WORK INSTRUCTION:
Your answer must be the lines from the one containing "Toyota Corolla 1.8" through the last line of the records below, copied exactly, with the pictures left out.

[Dataset excerpts]
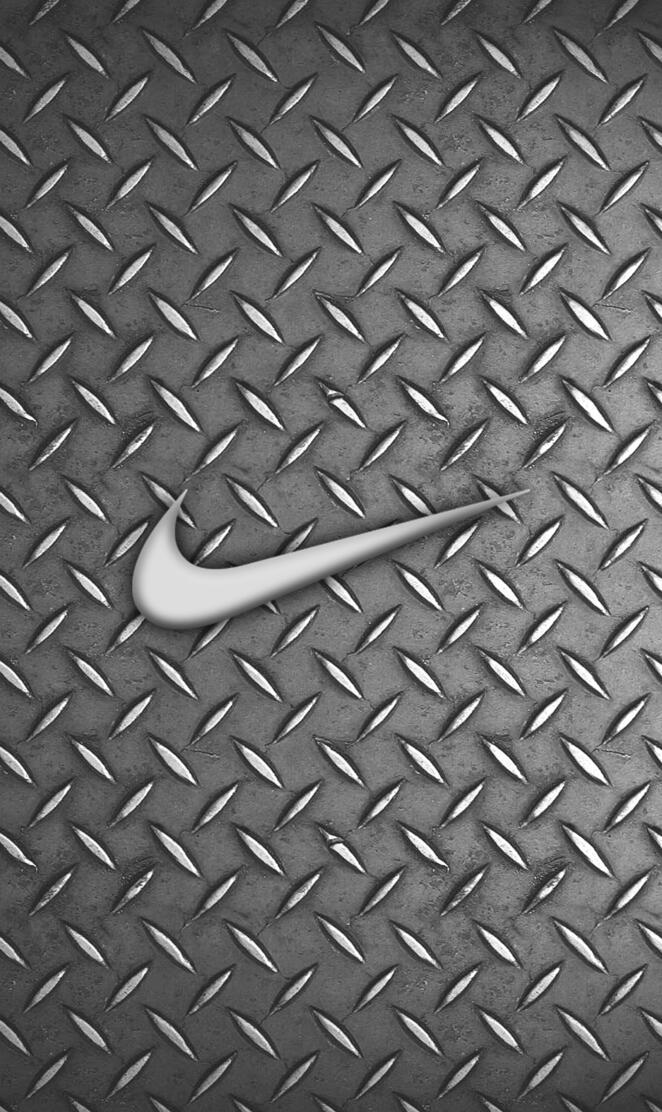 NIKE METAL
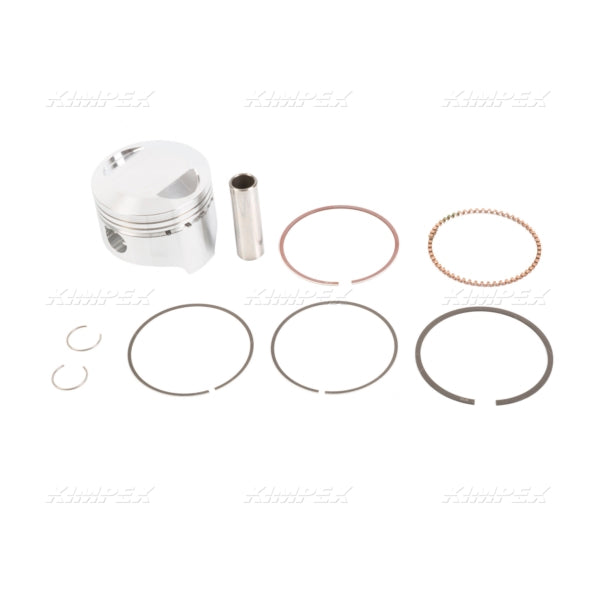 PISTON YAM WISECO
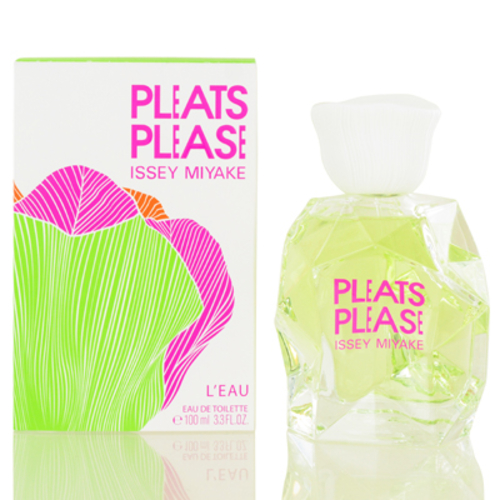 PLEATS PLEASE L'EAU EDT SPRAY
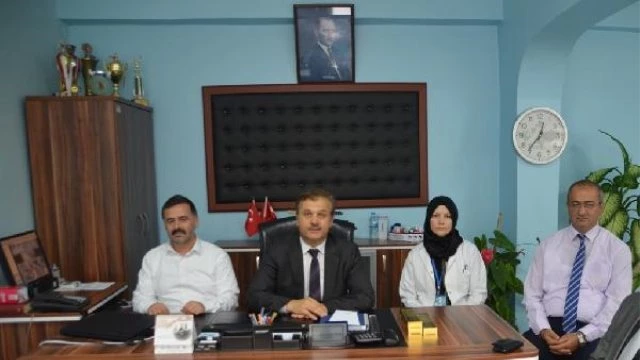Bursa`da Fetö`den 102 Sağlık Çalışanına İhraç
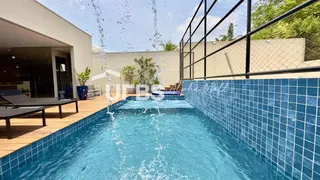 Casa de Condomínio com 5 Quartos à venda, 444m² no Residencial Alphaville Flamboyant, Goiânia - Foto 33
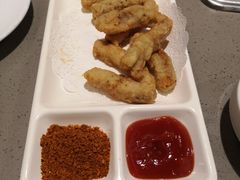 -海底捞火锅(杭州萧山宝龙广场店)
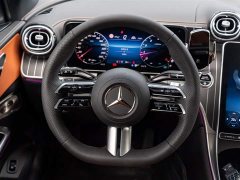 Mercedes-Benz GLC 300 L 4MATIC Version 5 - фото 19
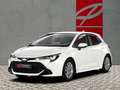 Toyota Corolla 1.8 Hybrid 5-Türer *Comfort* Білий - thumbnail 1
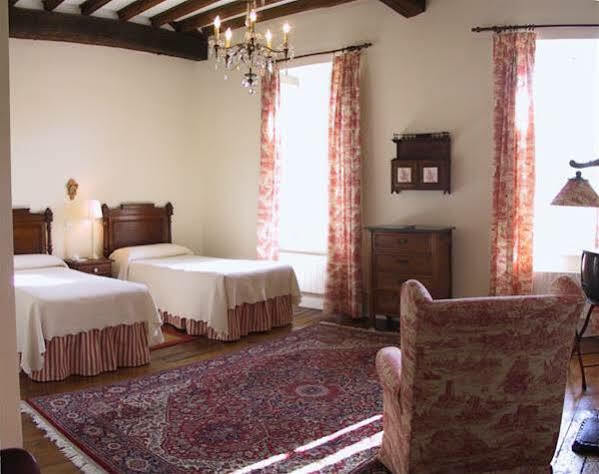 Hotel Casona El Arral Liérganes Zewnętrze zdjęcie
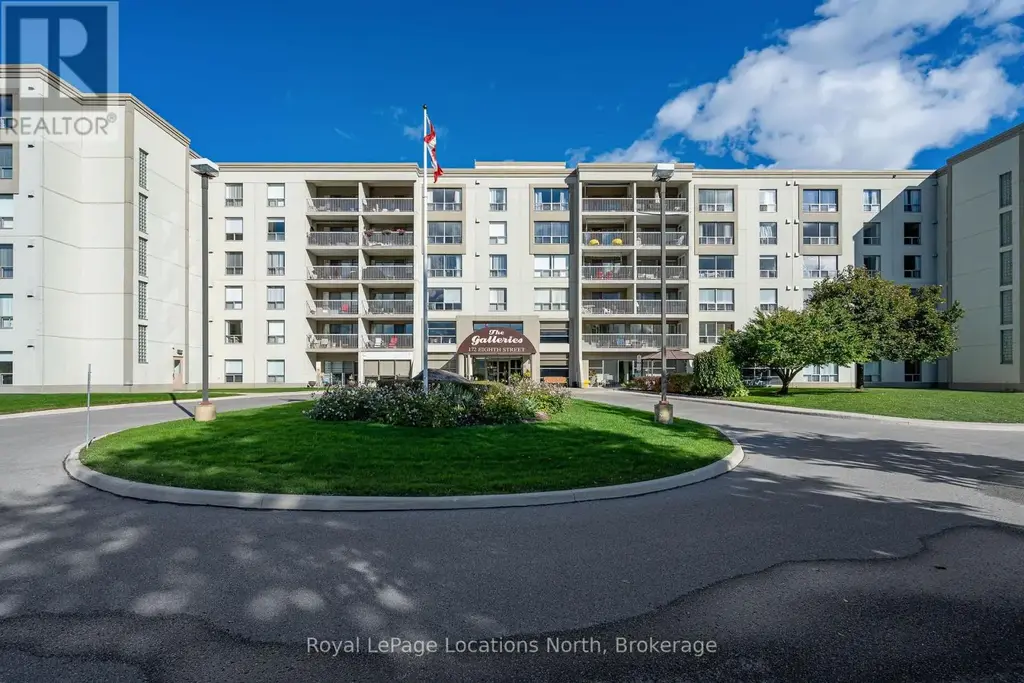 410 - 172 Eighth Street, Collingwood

EXERCISE SOLUTION:
 Toyota Corolla 1.8 Hybrid 5-Türer *Comfort* Білий - thumbnail 1
 Hotel Casona El Arral Liérganes Zewnętrze zdjęcie
 410 - 172 Eighth Street, Collingwood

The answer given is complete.